# WHAT TO PRODUCE:
I'd like the entire listing output verbatim, apart from the pictures.
-------- SOURCE DATA
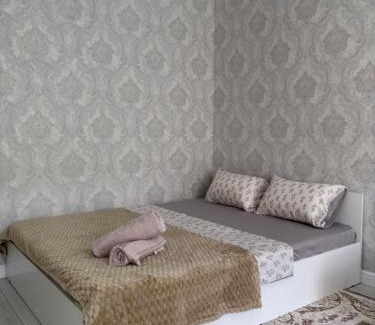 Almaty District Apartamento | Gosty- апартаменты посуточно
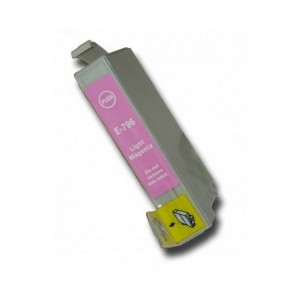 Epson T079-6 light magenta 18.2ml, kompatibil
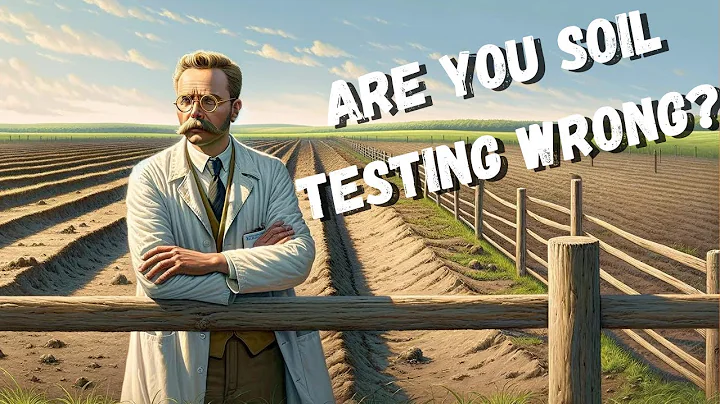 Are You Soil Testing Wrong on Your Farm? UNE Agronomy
----------------
# EXPECTED ANSWER:
 Almaty District Apartamento | Gosty- апартаменты посуточно
 Epson T079-6 light magenta 18.2ml, kompatibil
 Are You Soil Testing Wrong on Your Farm? UNE Agronomy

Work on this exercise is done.